In this project we transform conventional cartography to encode for human experience and restore Indigenous voice using graphic techniques for the multiple stories, blended scales, and shifting shape and directionality that characterize the historical geography of Champlain.”

– MWPearce and MJHermann


Ribbon
To symbolize the characteristics of Champlain’s multiple journeys through the
map, his route is depicted as a ribbon, without arrowheads or directionality. This ribbon narrows or expands with the contracting and widening of Champlain’s travel experiences, and dissolves when he is lost. Without arrowheads, the reader must use the narrative to interpret the direction.

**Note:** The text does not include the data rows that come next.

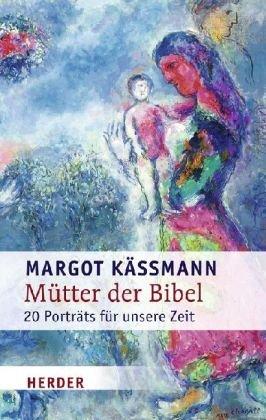 Mütter der Bibel: 20 Porträts für unsere Zeit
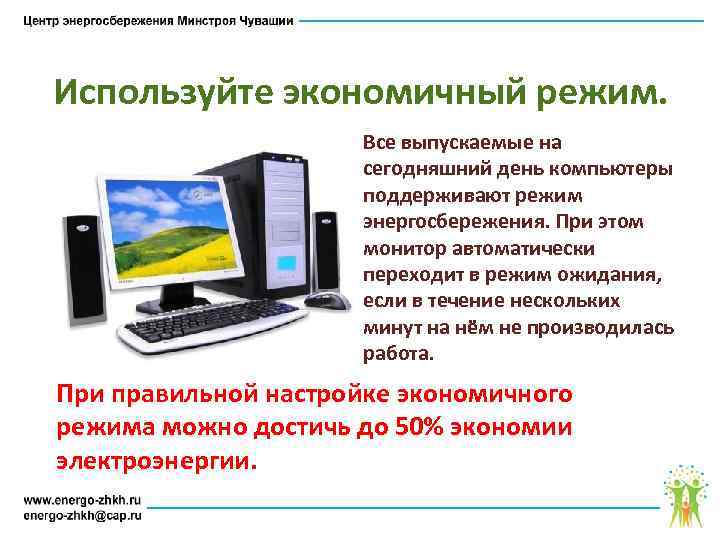 Используйте экономичный режим. Все выпускаемые на сегодняшний день компьютеры поддерживают режим энергосбережения. При этом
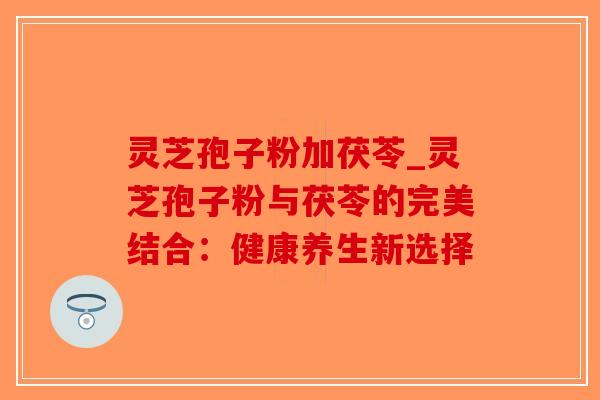 灵芝孢子粉加茯苓_灵芝孢子粉与茯苓的完美结合:健康养生新选择-第1张图片-破壁灵芝孢子粉研究指南 灵芝孢子粉加茯苓_灵芝孢子粉与茯苓的完美结合:健康养生新选择-第1张图片-破壁灵芝孢子粉研究指南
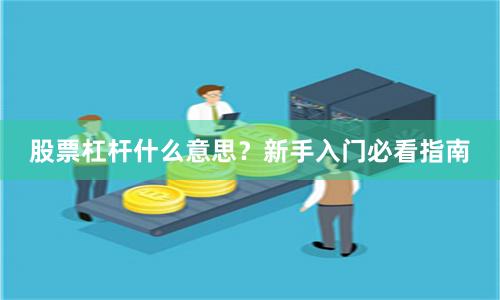 股票杠杆什么意思？新手入门必看指南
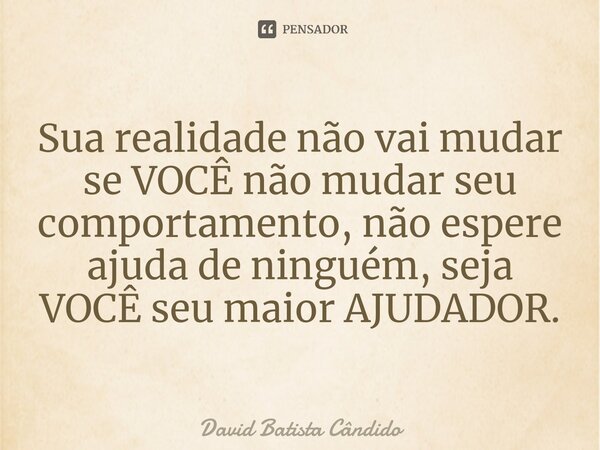 ⁠Sua realidade não vai mudar se VOCÊ não mudar seu comportamento, não espere ajuda de ninguém, seja VOCÊ seu maior AJUDADOR.⁠... Frase de David Batista Cândido.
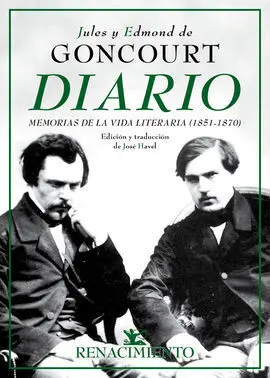 Jules y Edmond de Goncourt. diario Memorias de la Vida Literaria (1851-1870)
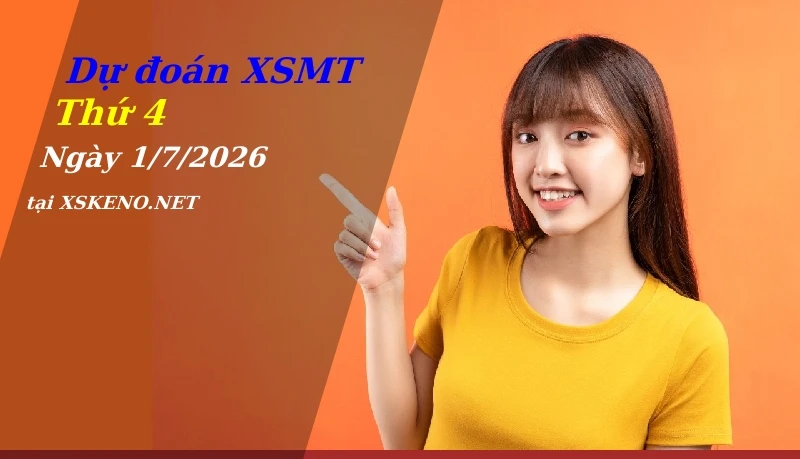 Dự đoán XSMT 1/7/2026, soi cầu kết quả Xổ Số Miền Trung thứ 4 - 1-7-2026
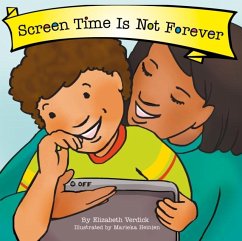 Cover Screen Time Is Not Forever (Best Behavior)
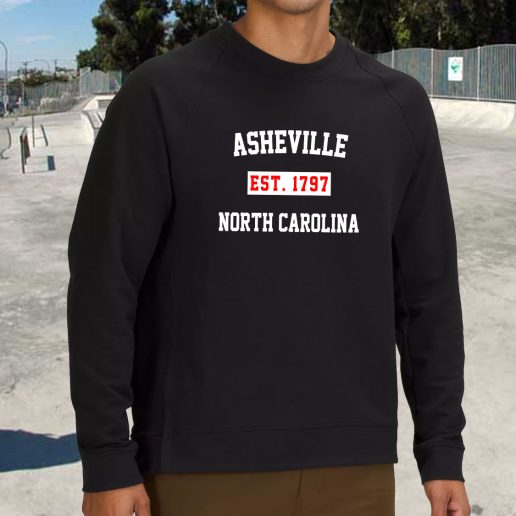 Streetwear Sweatshirt Asheville Est 1797 North Carolina 1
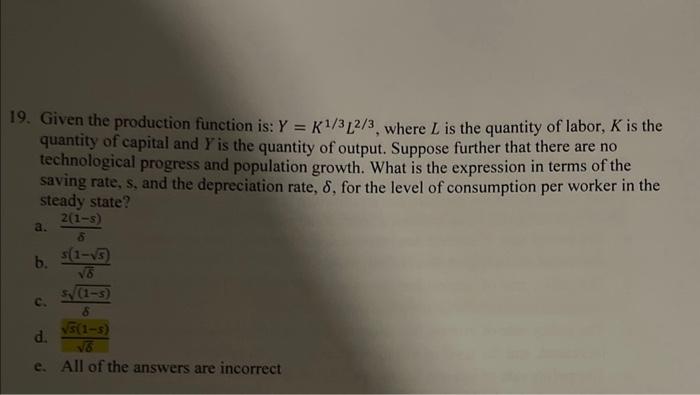 Solved 9. Given the production function is: Y=K1/3L2/3, | Chegg.com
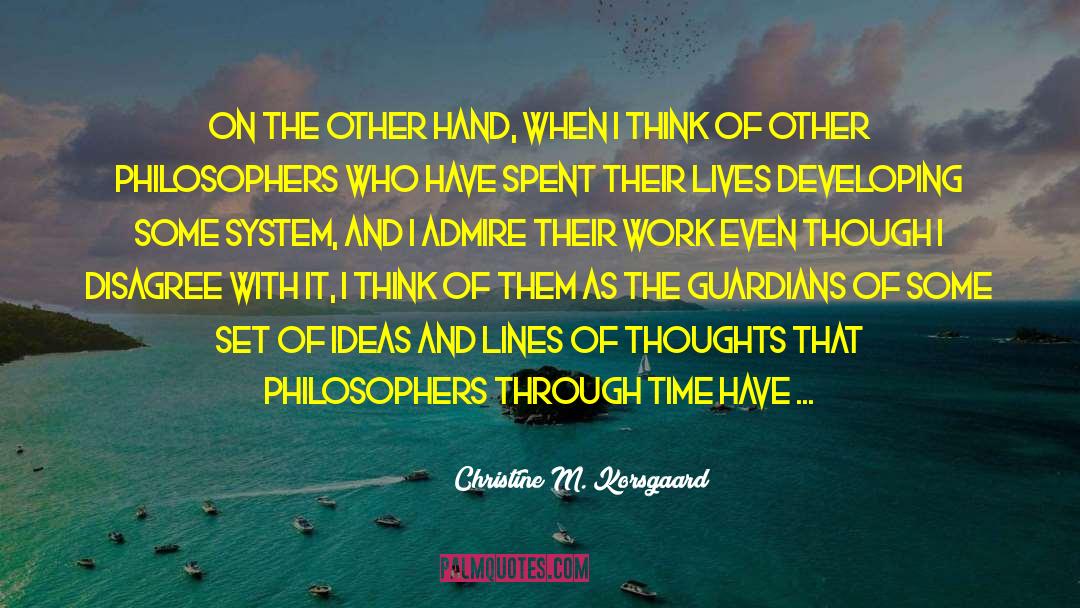 Right Livelihood quotes by Christine M. Korsgaard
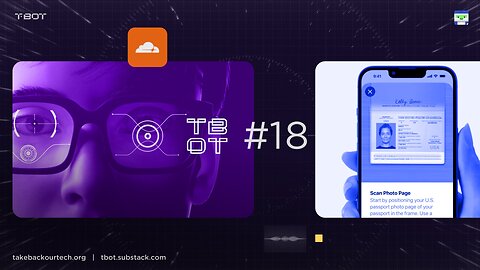 #TBOT 18: U.S Age Verification, Apple's Digital ID, Cloudflare Takes Down The Internet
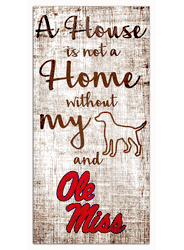 Mississippi Rebels House is Not a Home 6x12 Sign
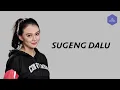 Download Lagu SUGENG DALU - DYAH NOVIA (LIRIK)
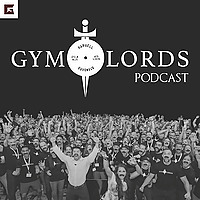 The Gym Lords Podcast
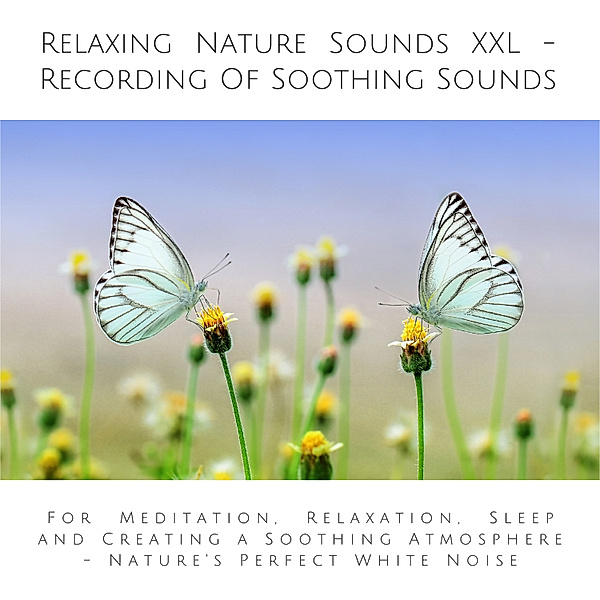 Relaxing Nature Sounds (without music) - Recording Of Soothing Nature Sounds, Yella A. Deeken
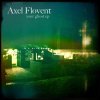 Axel Flovent - Album Your Ghost EP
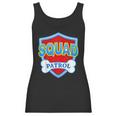 Funny Squad Patrol - Dog Mom Dad For Men Women Women Tank Top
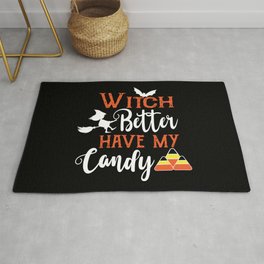 Witch Better Have My Candy Funny Halloween Area & Throw Rug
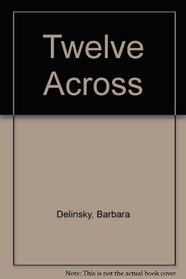 Twelve Across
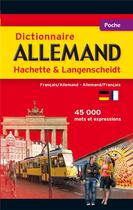 Couverture du livre « Dictionnaire Hachette & Langenscheidt poche ; français-allemand / allemand-français » de  aux éditions Hachette Education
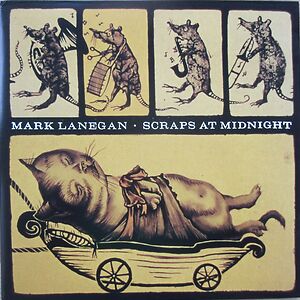 Scraps At Midnight by Mark Lanegan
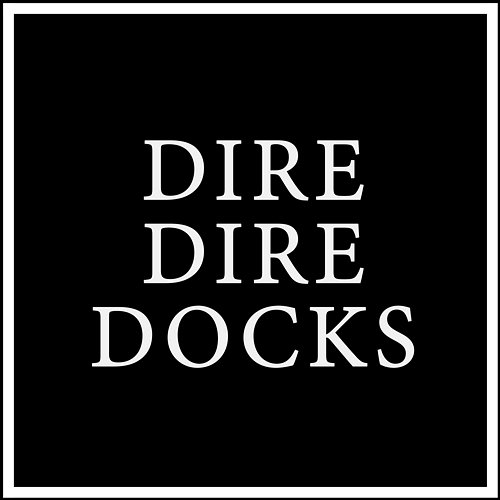Dire, Dire Docks Maneli Jamal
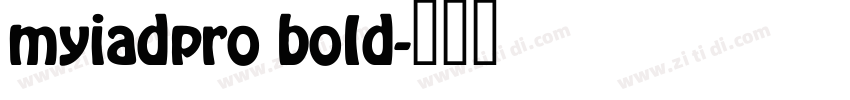 myiadpro boId字体转换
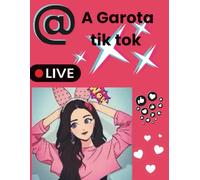 A Garota tik tok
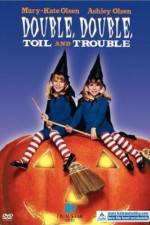 Watch Double Double Toil and Trouble Nowvideo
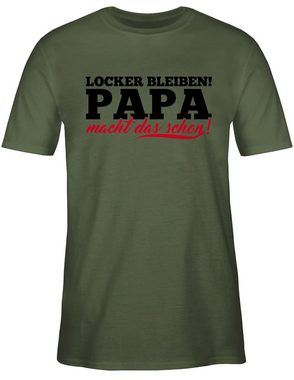 Shirtracer T-Shirt Locker bleiben Papa macht das schon - Vatertag Geschenk für Papa - Herren Premium T-Shirt vatertag geschenk tshirt - shirt coole sprüche herren - daddy thsirt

Champlain’s journeys cannot be simplified to one starting point and one ending point. He is traveling back and forth over many years, so too must the reader travel back and forth in the map. We designed this map to be entered and exited in many places.
– MWPearce and MJHermann


Voice
The cartographers used type face choices to symbolize and differentiate the multiple identities of the stories:
Champlain’s voice (blue Garamond),
Native voices (green Garamond),
Cartographers’ voice (black Univers italic).

Champlain’s voice is quoted from his journals and speaks directly to the reader. It was important to the map makers to empower voices which have no written record. So, Native voice is represented through an imagined dialogue, sometimes speaking to Champlain and sometimes to the reader. The cartographers’ voice is also present, to fill in gaps in the narrative or simply to provide an informed interpretation of events.


Emotion
Woven into the main map of Champlain’s routes are sequential insets which the cartographers used to give a greater depth of story for particular places. In these panels, the cartographers use hue and type to symbolize the emotional qualities of, for example, Champlain’s account of the conspiracy against him as he and his men are building the habitation at Quebec.



Scale

Initially, we envisioned a single map at one scale depicting multiple stories. But we also had to fit in multiple journeys and Champlain’s experiences at these places resided at different scales. Sometimes he moved quickly, sometimes stayed, and sometimes was lost.

The identities of places were shaped by the blending of scales, as Champlain’s awareness and understanding changed over time, or a particularly intense set of events in a small space changed his perception of the region forever.
To account for this blending, we created three different scale levels in the map.